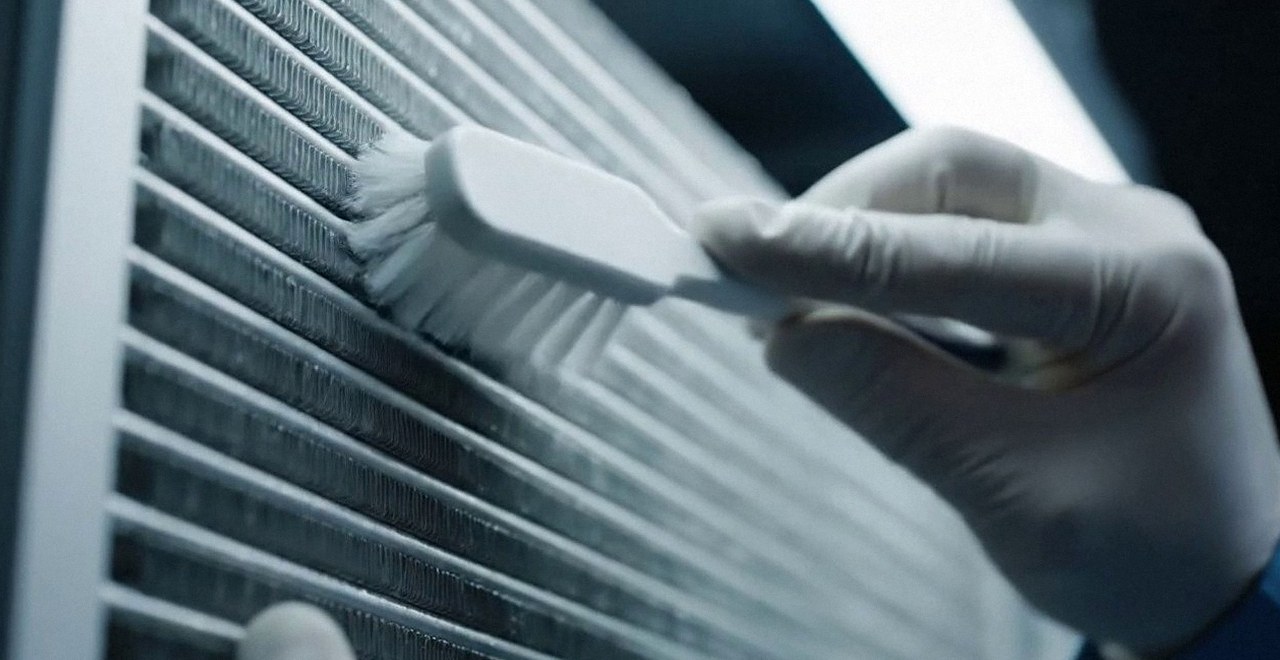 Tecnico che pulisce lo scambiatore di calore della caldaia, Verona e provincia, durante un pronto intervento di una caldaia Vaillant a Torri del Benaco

--

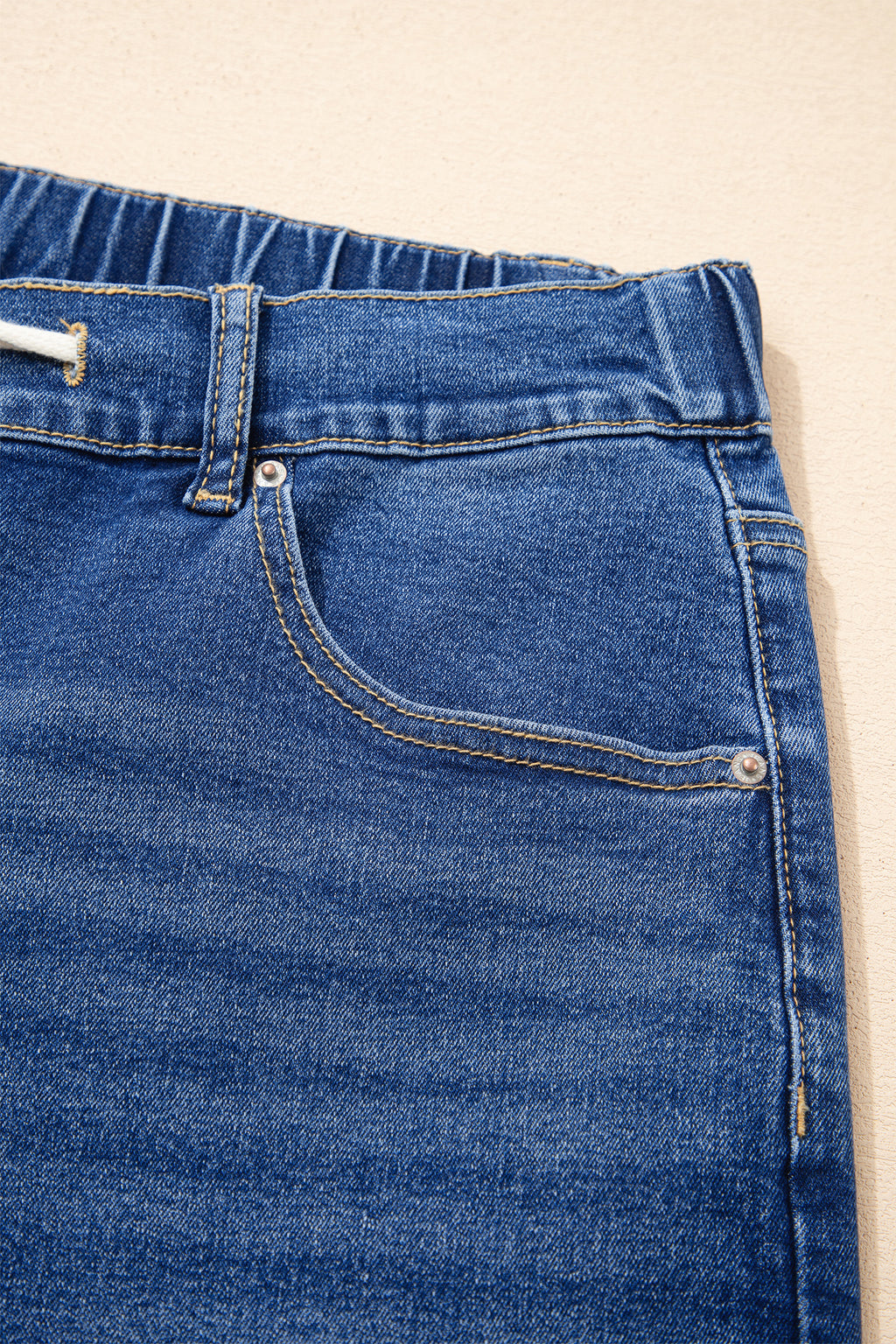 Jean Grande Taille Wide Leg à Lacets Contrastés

---

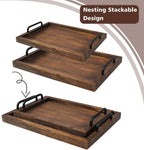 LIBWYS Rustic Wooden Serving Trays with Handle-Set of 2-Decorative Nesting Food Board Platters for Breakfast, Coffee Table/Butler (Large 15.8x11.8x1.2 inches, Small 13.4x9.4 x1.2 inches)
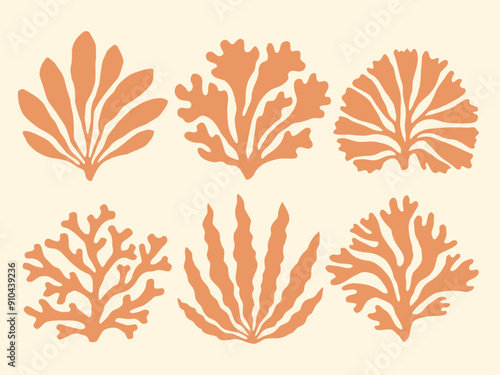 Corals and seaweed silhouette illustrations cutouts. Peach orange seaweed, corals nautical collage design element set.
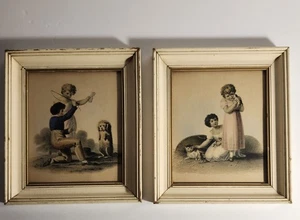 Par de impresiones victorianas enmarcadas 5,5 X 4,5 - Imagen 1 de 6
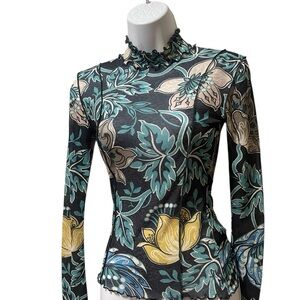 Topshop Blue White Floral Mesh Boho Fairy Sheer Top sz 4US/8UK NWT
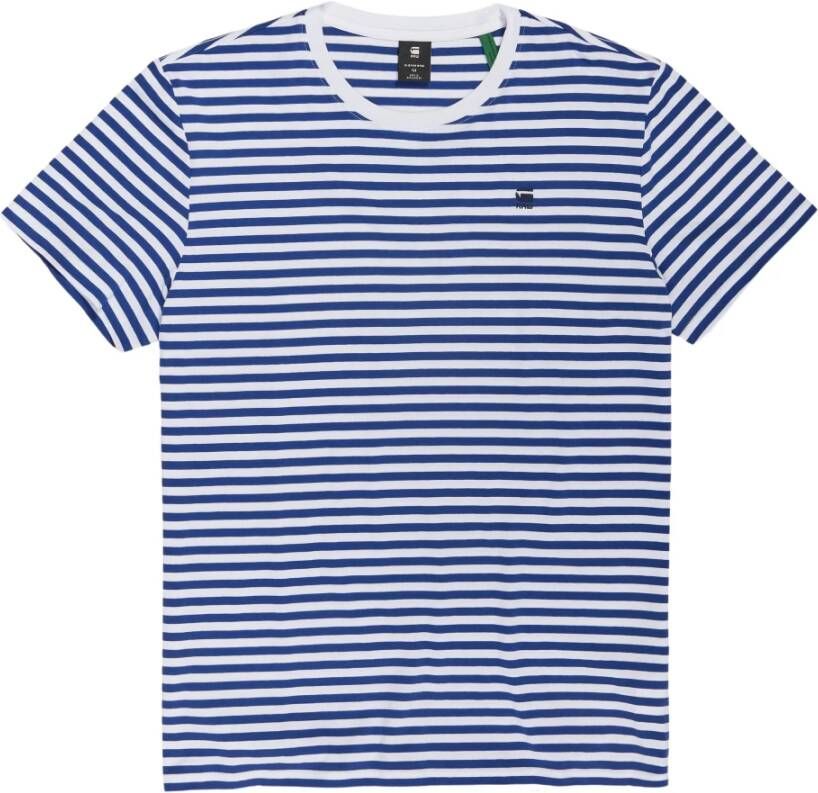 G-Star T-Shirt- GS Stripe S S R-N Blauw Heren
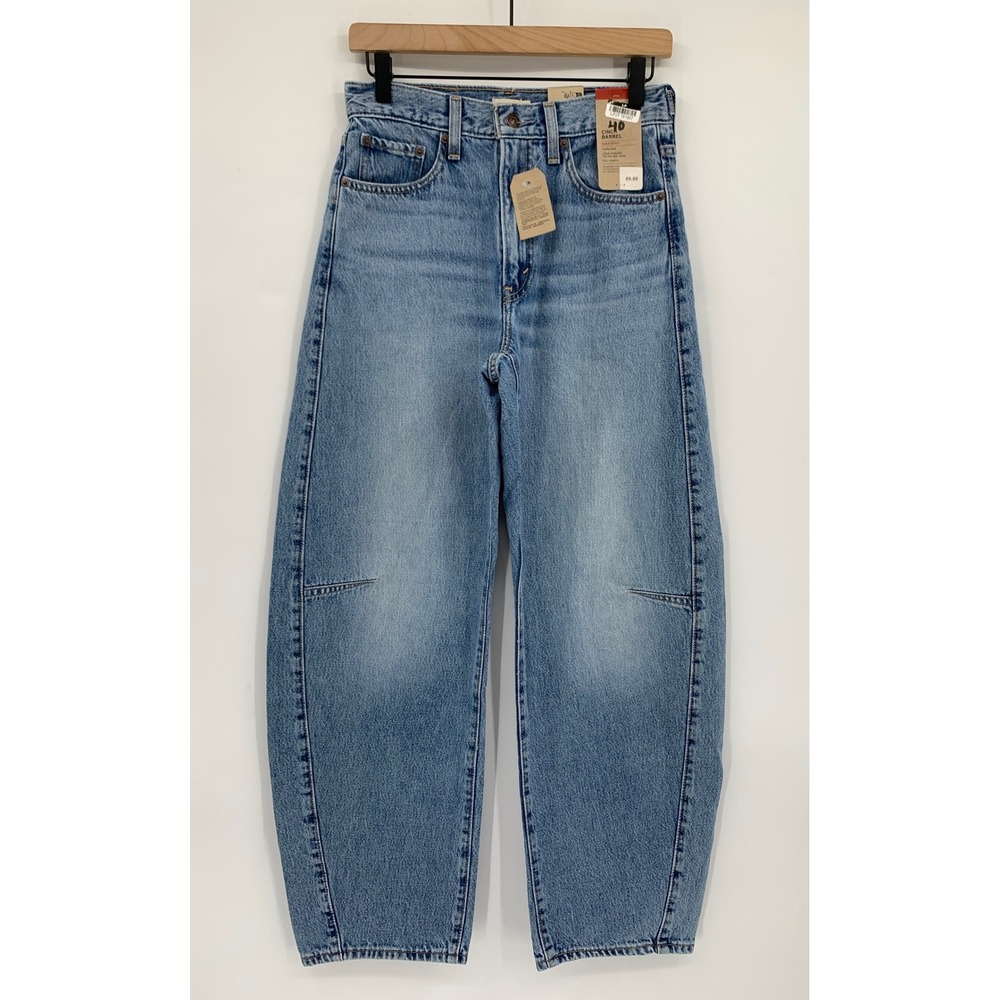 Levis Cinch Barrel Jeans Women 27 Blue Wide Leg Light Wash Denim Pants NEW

WORK TO BE COMPLETED
Reproduce the data above exactly, but only from the line containing "Par de impresiones" through the line containing "Levis Cinch Barrel". Omit all pictures.

EXERCISE ANSWER
 Par de impresiones victorianas enmarcadas 5,5 X 4,5 - Imagen 1 de 6
 Topshop Blue White Floral Mesh Boho Fairy Sheer Top sz 4US/8UK NWT
 G-Star T-Shirt- GS Stripe S S R-N Blauw Heren
 Levis Cinch Barrel Jeans Women 27 Blue Wide Leg Light Wash Denim Pants NEW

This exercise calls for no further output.